Type ChallengesVue Basic Props
题目
This challenge continues from 6 - Simple Vue, you should finish that one first, and modify your code based on it to start this challenge.
In addition to the Simple Vue, we are now having a new props field in the options. This is a simplified version of Vue's props option. Here are some of the rules.
props is an object containing each field as the key of the real props injected into this. The injected props will be accessible in all the context including data, computed, and methods.
A prop will be defined either by a constructor or an object with a type field containing constructor(s).
For example
props: {
foo: Boolean;
}
// or
props: {
foo: {
type: Boolean;
}
}should be inferred to type Props = { foo: boolean }.
When passing multiple constructors, the type should be inferred to a union.
props: {
foo: {
type: [Boolean, Number, String];
}
}
// -->
type Props = { foo: boolean | number | string };When an empty object is passed, the key should be inferred to any.
For more specified cases, check out the Test Cases section.

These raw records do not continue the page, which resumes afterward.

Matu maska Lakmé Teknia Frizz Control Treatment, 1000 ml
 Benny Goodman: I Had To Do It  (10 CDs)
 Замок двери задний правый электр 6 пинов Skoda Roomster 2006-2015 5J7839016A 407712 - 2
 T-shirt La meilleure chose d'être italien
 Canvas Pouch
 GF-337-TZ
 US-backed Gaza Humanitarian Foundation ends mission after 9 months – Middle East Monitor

required,default, and array props in Vue are not considered in this challenge.
解答
type InferComputed<C extends Record<string, any>> = {
[K in keyof C]: ReturnType<C[K]>;
};
type Prop<T = any> = PropType<T> | { type?: PropType<T> };
type PropType<T> = PropConstructor<T> | PropConstructor<T>[];
type PropConstructor<T = any> =
| { new (...args: any[]): T & object }
| { (): T };
type InferPropType<P> = P extends Prop<infer T>
? unknown extends T
? any
: T
: any;
type InferProps<P extends Record<string, any>> = {
[K in keyof P]: InferPropType<P[K]>;
};
declare function VueBasicProps<
P,
D,
C extends Record<string, any>,
M,
Props = InferProps<P>
>(options: {
props?: P;
data(this: Props): D;
computed: C & ThisType<Props & D & InferComputed<C> & M>;
methods: M & ThisType<Props & D & InferComputed<C> & M>;
}): Props & D & InferComputed<C> & M;